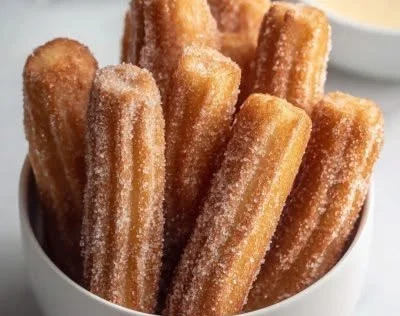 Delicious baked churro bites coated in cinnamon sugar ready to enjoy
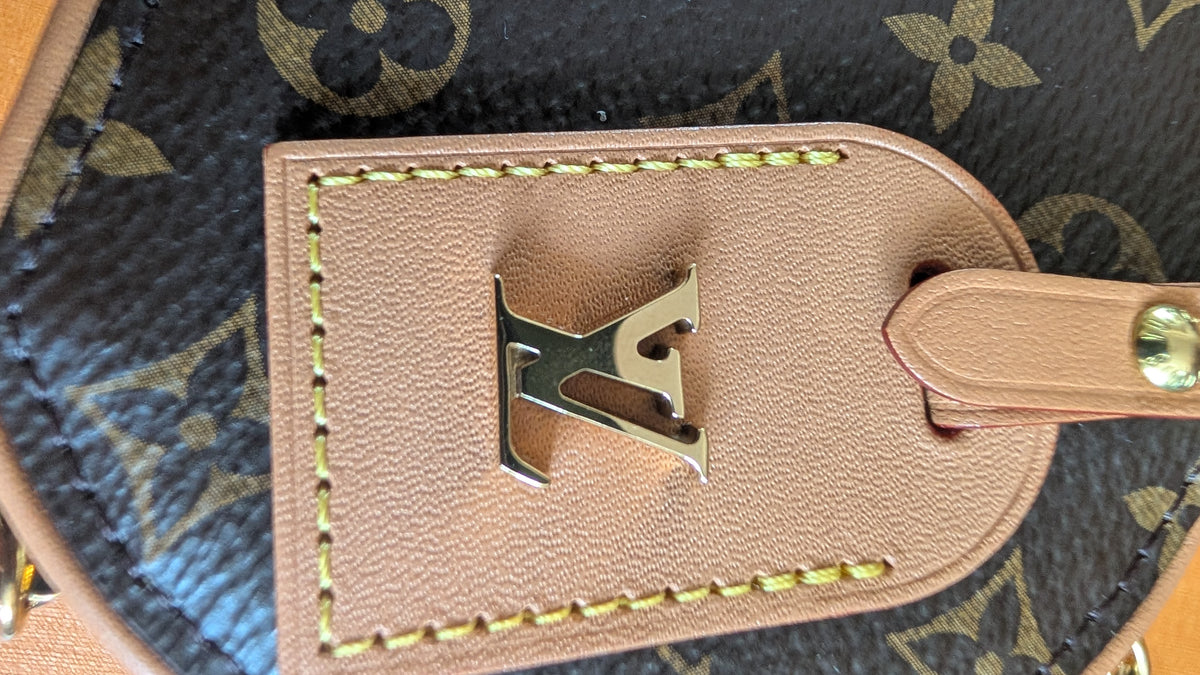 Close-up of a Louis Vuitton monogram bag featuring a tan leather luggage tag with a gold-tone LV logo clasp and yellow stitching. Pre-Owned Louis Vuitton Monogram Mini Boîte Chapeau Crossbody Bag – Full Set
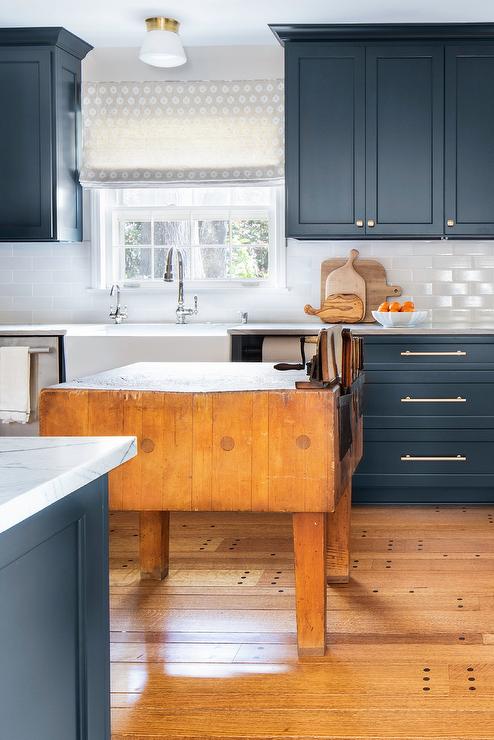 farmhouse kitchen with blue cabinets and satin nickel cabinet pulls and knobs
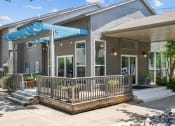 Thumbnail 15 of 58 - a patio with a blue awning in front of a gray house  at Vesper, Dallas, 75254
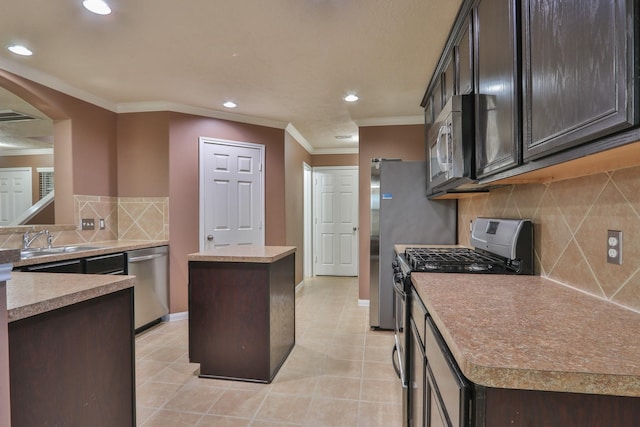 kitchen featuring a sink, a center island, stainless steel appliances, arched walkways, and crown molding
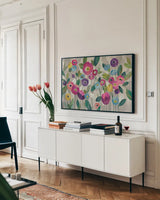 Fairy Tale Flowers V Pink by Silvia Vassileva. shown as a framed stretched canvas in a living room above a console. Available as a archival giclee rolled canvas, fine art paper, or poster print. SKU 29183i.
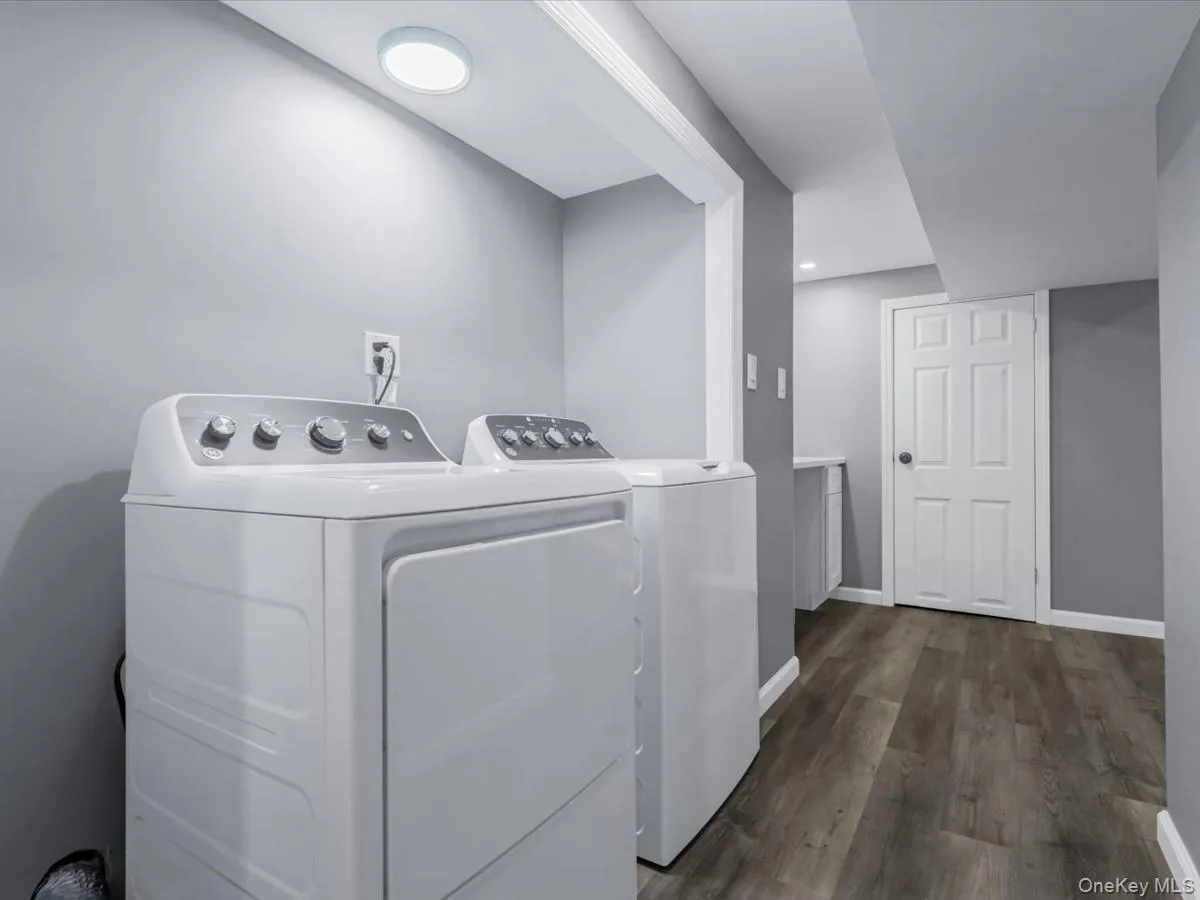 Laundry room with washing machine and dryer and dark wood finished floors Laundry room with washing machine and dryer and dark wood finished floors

_What you should do:_ Copy out the listing above from the line containing "kitchen featuring a" to the line containing "Fairy Tale Flowers", both included, exactly as written and minus the images.

_Your response:_
 kitchen featuring a sink, a center island, stainless steel appliances, arched walkways, and crown molding
 Fairy Tale Flowers V Pink by Silvia Vassileva. shown as a framed stretched canvas in a living room above a console. Available as a archival giclee rolled canvas, fine art paper, or poster print. SKU 29183i.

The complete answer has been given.